Há empresas em que o servidor próprio continua a fazer todo o sentido do mundo: infraestruturas industriais com requisitos técnicos muito específicos, ambientes com baixa conectividade, obrigações legais concretas relativas à localização dos dados ou grandes investimentos já amortizados que não justificam uma migração imediata.
Para estas organizações, um modelo híbrido, ou diretamente no local, pode ser a decisão mais sensata. Não existe uma resposta universal. Existe a resposta adequada para cada caso.
O que mudou, sim, foi o ponto de partida da análise. Há dez anos, a pergunta era «faz sentido migrar para a cloud?». Hoje, para muitas PME, a pergunta é precisamente o contrário.
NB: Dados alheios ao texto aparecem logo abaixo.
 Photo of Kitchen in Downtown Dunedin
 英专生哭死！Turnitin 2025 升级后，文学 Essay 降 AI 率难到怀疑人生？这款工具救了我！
A infraestrutura ideal é aquela que não lhe causa preocupações
No fim de contas, a melhor infraestrutura não é a mais complexa nem a mais potente. É aquela que funciona, se adapta ao negócio, reduz riscos e permite que a empresa se concentre no crescimento.
Porque o objetivo não deve ser dedicar tempo e energia a resolver problemas técnicos urgentes. Deve ser dedicá-los ao negócio.
A infraestrutura ideal não é aquela que tem mais recursos. É aquela que não nos faz pensar nela.